Trellez, o colombiano artilheiro futuro presidente da Conmebol, do Mercosul e da porra toda, foi comemorar no alambrado; extravasou, gritou. O árbitro, essa raça de gente ruim e mal-amada, dedou um cartão amarelo ao atacante rubro-negro, que ficará de fora da última rodada contra o Flamengo no Barradão, na festa da permanência.

Daí o couro comeu, pau quebrou e tiros de borracha foram disparados em 37 idiomas.

Esse tal de futebol é coisa linda, meus amigos. Ou como diz o mestre Paulo Leandro, melhor que seja o fútilbol. Aquele jogo em que o improvável é senhor do destino. Em que um mesmo jogador oscila de vilão a herói em poucas rodadas. Em que uma virada histórica no apagar das luzes reorganiza a paixão de uma torcida, para o bem ou para o mal.

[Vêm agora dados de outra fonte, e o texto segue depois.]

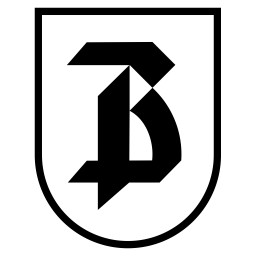 Atalanta BC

Quando crianças, sonhamos com a glória nos gramados em momentos como estes, quando se joga pela vida e pela honra. Queremos ser o jogador que parte para o abraço quando ninguém mais acreditava. Ah, o brilhantismo de uma vitória suada! Agora, sonharão os rebentos com mais um capítulo da saga do futebol, este senhor pueril que teima em brilhar. Sonharão serem eles Trellez no alambrado.